Saved data entries

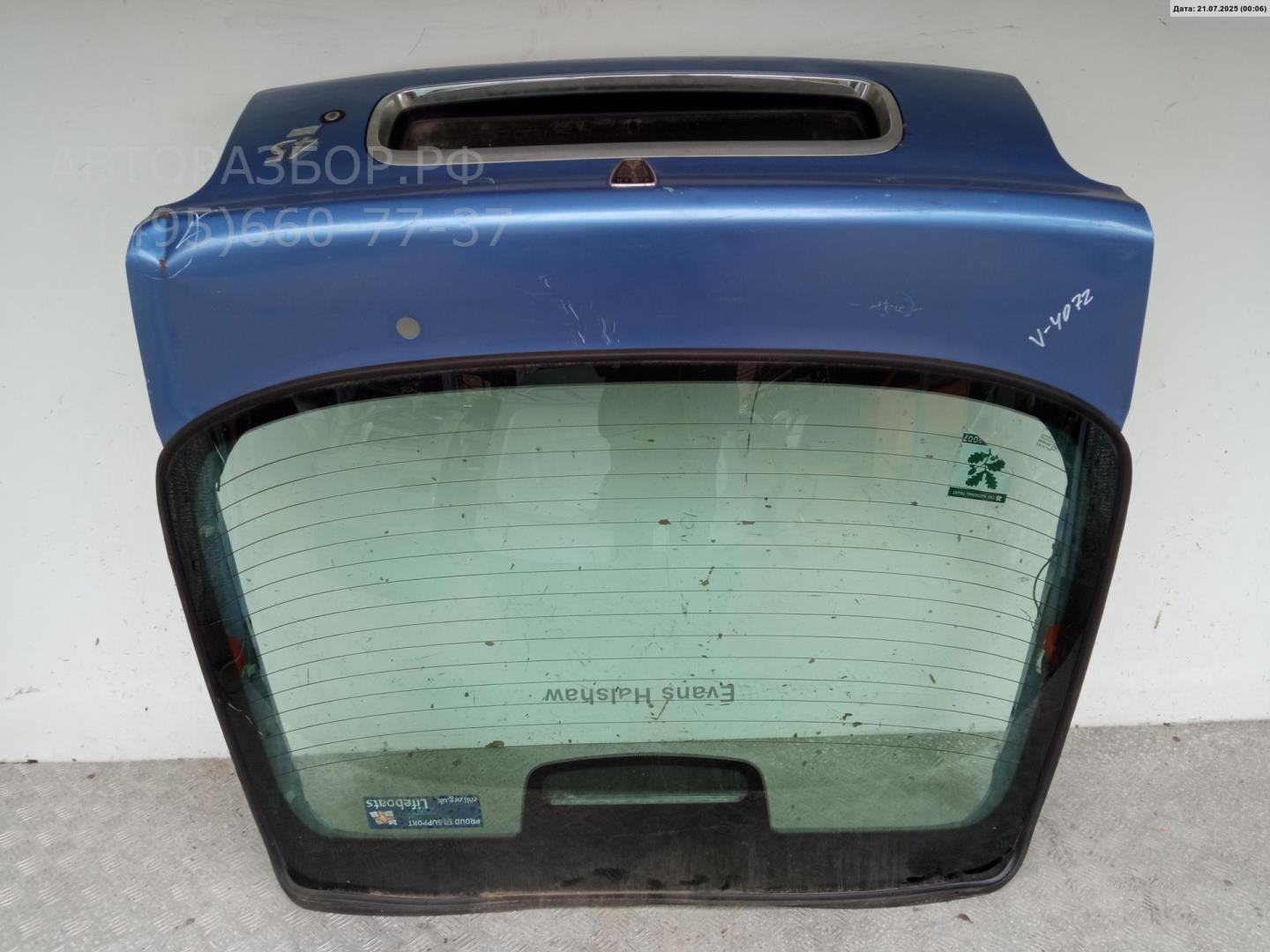 Дверь багажника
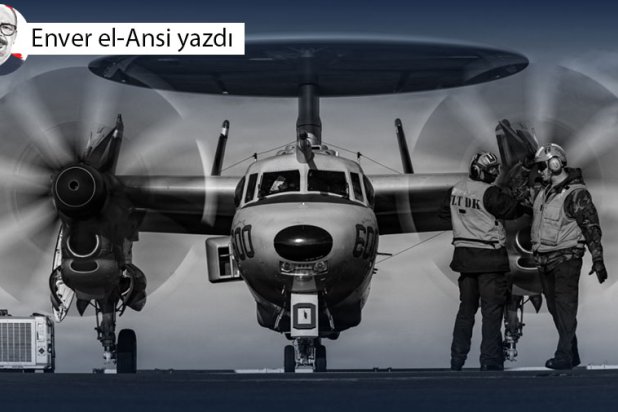 ABD Donanması denizcileri, USS Gerald R. Ford uçak gemisinin güvertesinde seyreden 124. Hava Komuta ve Kontrol Filosu'ndan bir E-2D Hawkeye uçağına sinyaller gönderiyor, 28 Şubat 2026 (Reuters)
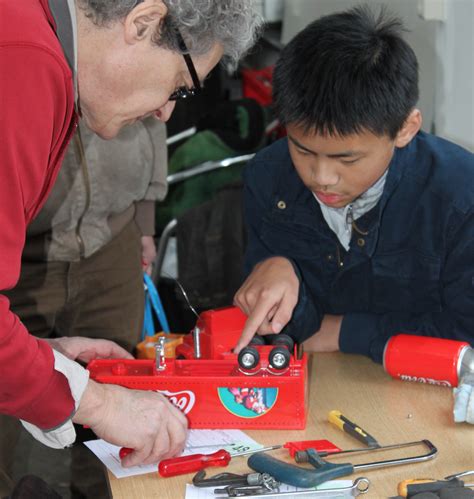 Repairing toys - Repaircafe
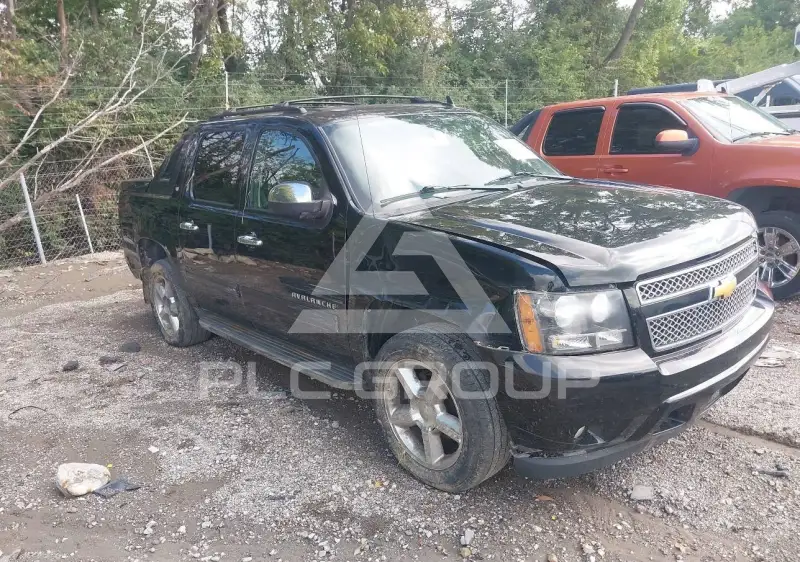 2012 Chevrolet Avalanche photo
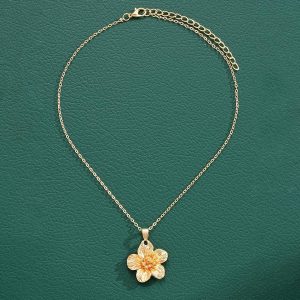 Cross-border hot selling pleated flower pendant necklace fashion personality women's metal collarbone chain simple temperament necklace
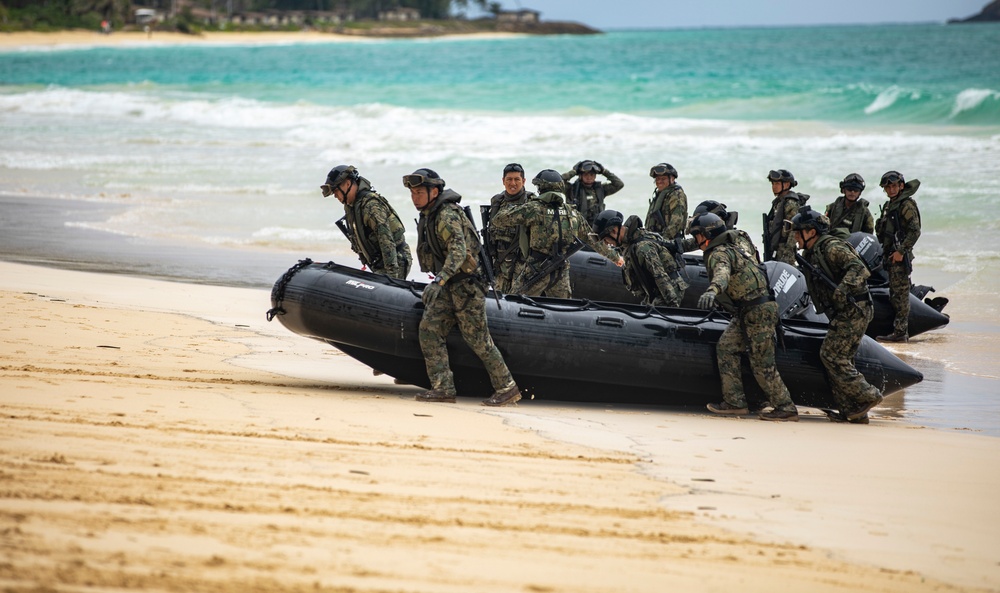 RIMPAC 2022: Mexican Naval Infantry Conducts Small Boat Training
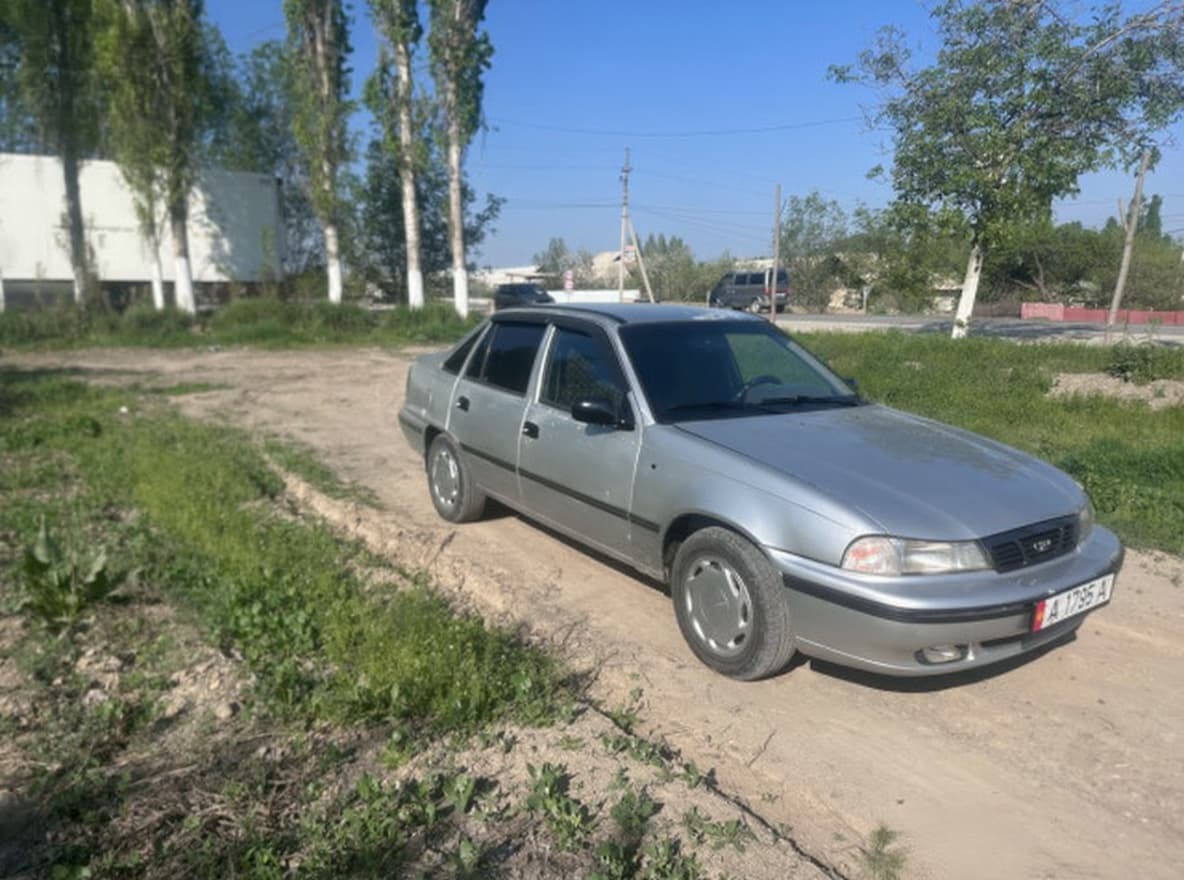 Daewoo Nexia I, 1994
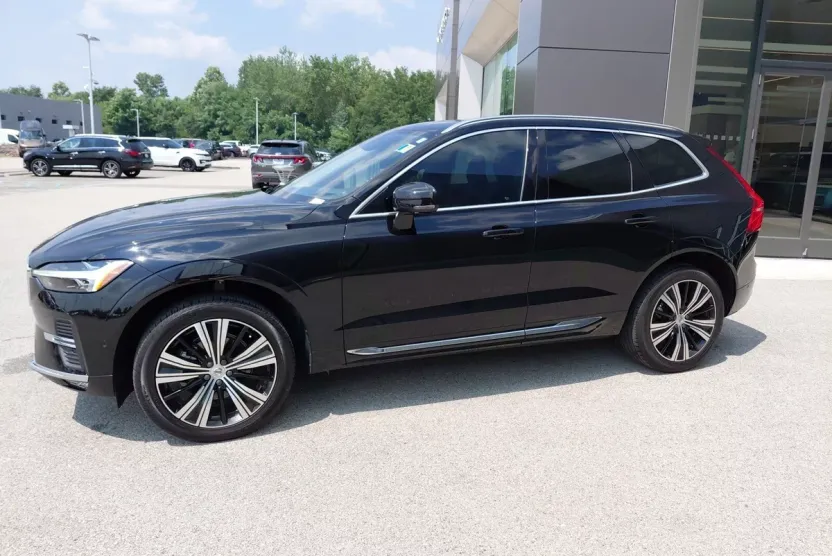 2022 Volvo XC60 B5 Inscription photo 1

# EXERCISE AIM:
What you need to copy is the run of lines from the one holding "Cross-border hot selling" through the end of the data, exactly and only, both ends included, pictures omitted.

# ANSWER TO THIS EXERCISE:
 Cross-border hot selling pleated flower pendant necklace fashion personality women's metal collarbone chain simple temperament necklace
 RIMPAC 2022: Mexican Naval Infantry Conducts Small Boat Training
 Daewoo Nexia I, 1994
 2022 Volvo XC60 B5 Inscription photo 1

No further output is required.